Vietnam's New Corporate Income Tax Law
Vietnam has officially enacted a new Corporate Income Tax (CIT) law, which will come into effect in October 2025. Approved by the National Assembly on 14 June 2025, it will be implemented starting with the 2025 financial year. The reform underscores Vietnam's efforts to modernise its tax system, improve compliance, and encourage investment across various sectors.
Digital Economy Gains New Focus
Vietnam has broadened its tax regulations to cover the digital economy. The revised CIT law now includes more entities, such as foreign e-commerce companies and digital platforms earning income in Vietnam, as taxable. Since these platforms are regarded as a Permanent Establishment (PE) for tax purposes, their eligibility for treaty benefits might be affected. This change aligns Vietnam's tax policies with international standards, which tax digital activities based on where economic value is generated. This could impact large global tech firms operating within the country.
Significant Updates on Capital Gains and Offshore Investments
The new legislation introduces significant updates to capital gains taxes and regulations governing offshore investments. While initial drafts suggested a flat 2% tax on transfer prices, this was eliminated in the final version, with detailed rates to be determined later via regulations.

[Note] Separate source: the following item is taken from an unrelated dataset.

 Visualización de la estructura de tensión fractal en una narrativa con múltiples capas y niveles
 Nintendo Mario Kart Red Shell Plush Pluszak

A significant change is that profits from foreign investments such as dividends or income from overseas subsidiaries—must now be reported and taxed in Vietnam in the year they are earned, regardless of whether they are repatriated or not. This change from the previous remittance-based system could cause businesses and investors to encounter tax obligations sooner.
Getting Ready for the Changes
Vietnamese businesses must prepare for imminent legislative updates. The upcoming laws offer benefits such as higher deductible expenses for ESG initiatives, digital transformation, and infrastructure projects, along with more adaptable loss offset options. Firms should assess their exit strategies, revisit offshore investment structures, and verify that their digital operations adhere to regulations that may now result in direct taxes in Vietnam. As the implementation date nears, proactive planning is crucial to navigate this evolving tax environment successfully.